▶ [What is expected]
Copy out the data below from the line containing "El Aventurero Guardianes del Alma - 6" to the line containing "Pokemon Karten Sammlung", both lines included, with all images left out.

(Given data Opens)

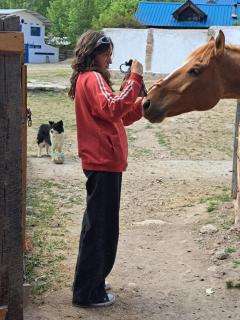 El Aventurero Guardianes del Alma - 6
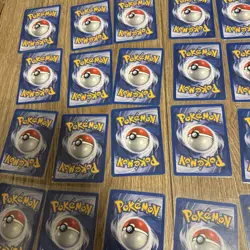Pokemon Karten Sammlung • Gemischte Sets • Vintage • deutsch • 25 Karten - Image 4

(Given data Closes)
(Given data Opens)

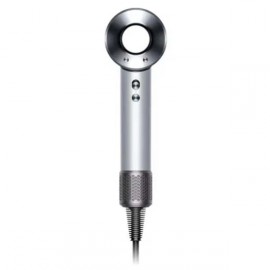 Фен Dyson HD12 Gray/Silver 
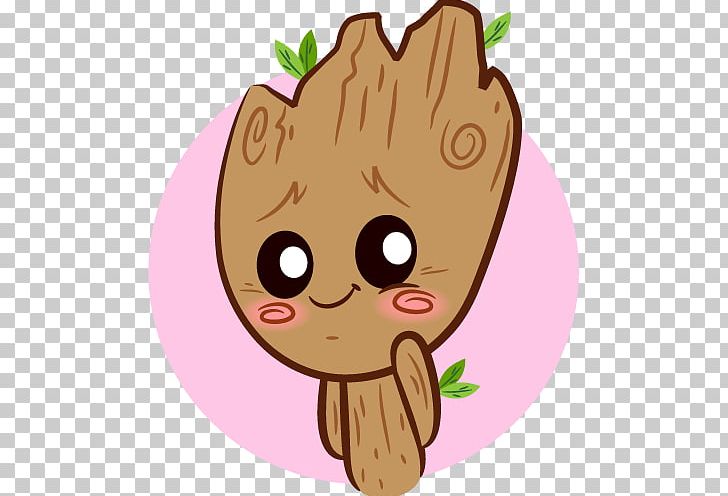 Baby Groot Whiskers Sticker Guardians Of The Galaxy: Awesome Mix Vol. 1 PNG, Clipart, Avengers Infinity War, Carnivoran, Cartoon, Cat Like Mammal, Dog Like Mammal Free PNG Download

(Given data Closes)

▶ [Task answer]
 El Aventurero Guardianes del Alma - 6
Pokemon Karten Sammlung • Gemischte Sets • Vintage • deutsch • 25 Karten - Image 4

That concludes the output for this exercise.